Baldwin remarks not only on the relationship between the African-American community and the police, but specifically, the relationship between said community and African-American police-officers. Some of Atlanta's black officers were Baldwin's guides while reporting in the city, which allowed for Baldwin to observe the officers reactions to the community's view of the black police force. Baldwin compares the relationship between the police and the community in Atlanta to that of his hometown, Harlem. In Harlem, the black officers understood the community distrusted them but Baldwin remarks that it did not matter, and compares this to Atlanta's black officers, who received the same sentiment from their own community, but Baldwin writes, "the knowledge seemed to sting."

A City Too Busy to Care 
On June 21, 1981, Wayne Williams was arrested on the murders of Nathaniel Cater and Jimmy Payne. Commencing on January 6, 1982, the trial was overseen by judge Clarence Cooper. Baldwin gives readers backstory on Cooper, and explains that the then district attorney, Lewis Slaton, both guided prosecutions and aided development of Atlanta's black legal workers.

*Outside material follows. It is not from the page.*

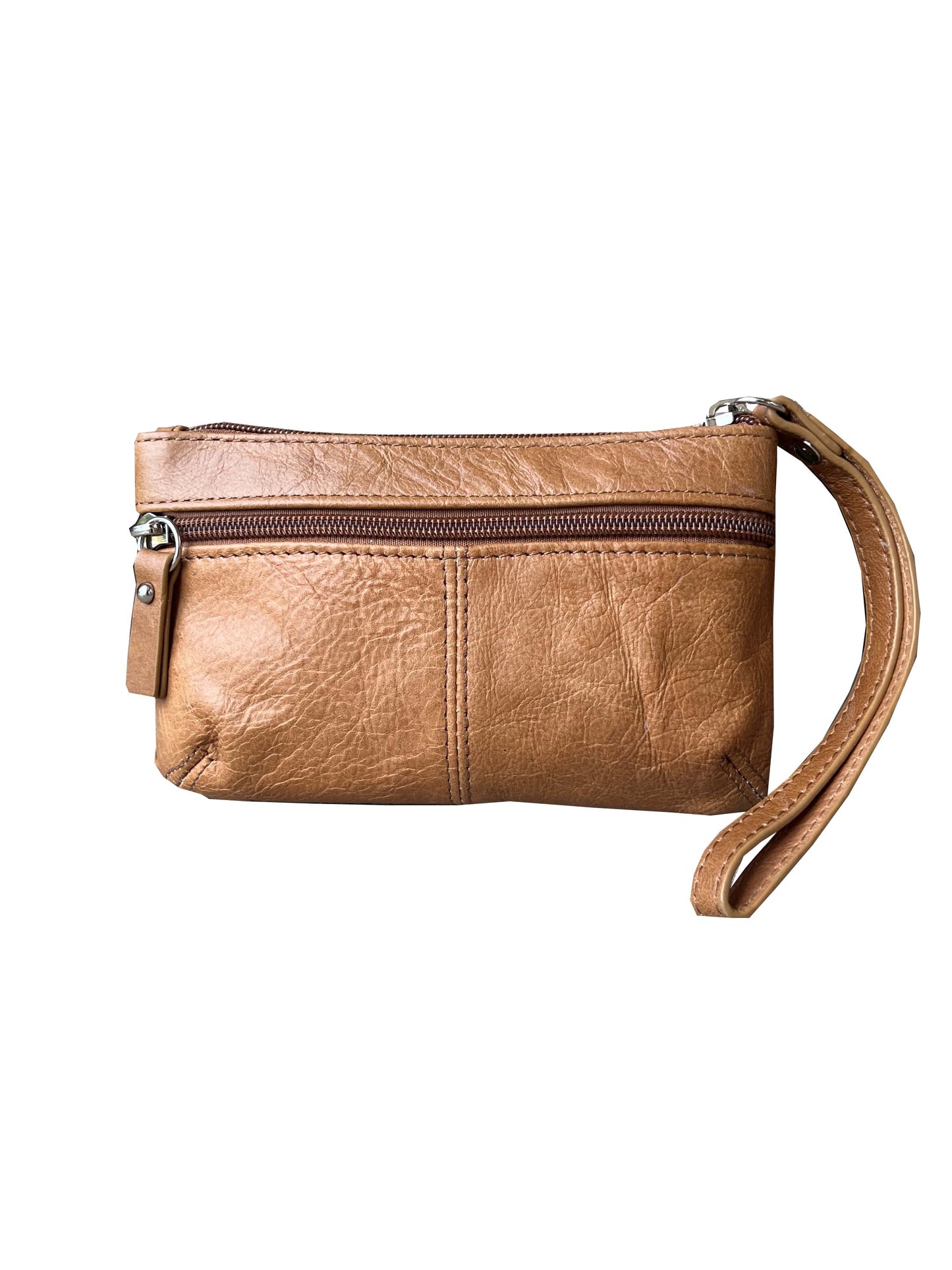 Light brown leather cosmetic case or clutch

Baldwin ponders Wayne Williams's upbringing, stresses that Williams was never legally accused of 28 murders, and eventually concludes that Williams "must be added to the list of Atlanta's slaughtered black children."

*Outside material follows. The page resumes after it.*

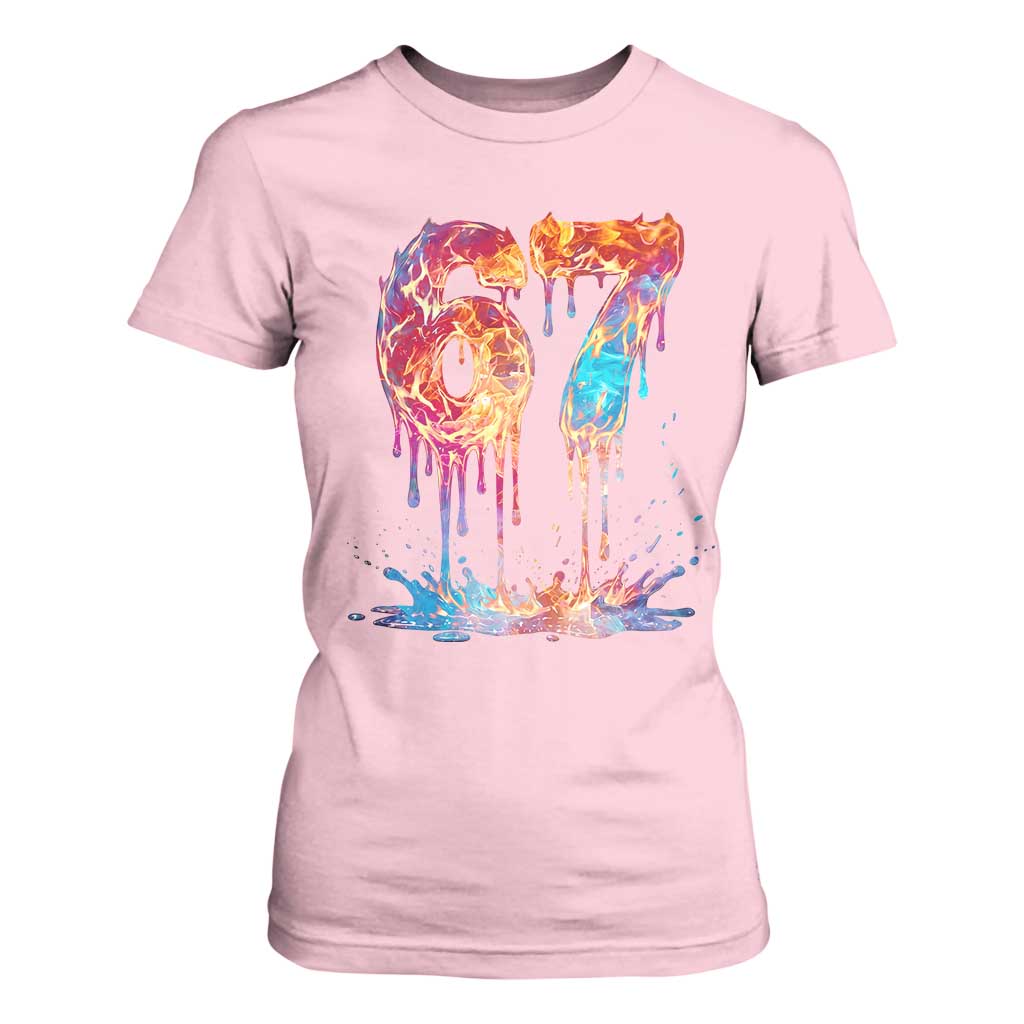 Burning Six Seven T Shirt For Women Drip Fire Flame Meme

Baldwin discusses that judge Cooper was born in Decatur, an Atlanta suburb, whereby Cooper could potentially say, "I'm from Atlanta. I'm not from Georgia." Baldwin mentions the original analogy about Harlem: "I'm from Harlem. I'm not from New York." Baldwin asserts the clarity of the claim while stating that both cities are not nations. Baldwin references his own personal interactions with friends in Atlanta who assume the same identity of belonging to a city outside of the nation it belongs to. Baldwin discusses how Atlanta had originated as a railroad town named Terminus. In the 1980s, Atlanta hosted one of the "world's busiest" airports. Baldwin remarks on the success of Atlanta as a commercial hub to highlight what the city placed importance on being "The City Too Busy To Hate."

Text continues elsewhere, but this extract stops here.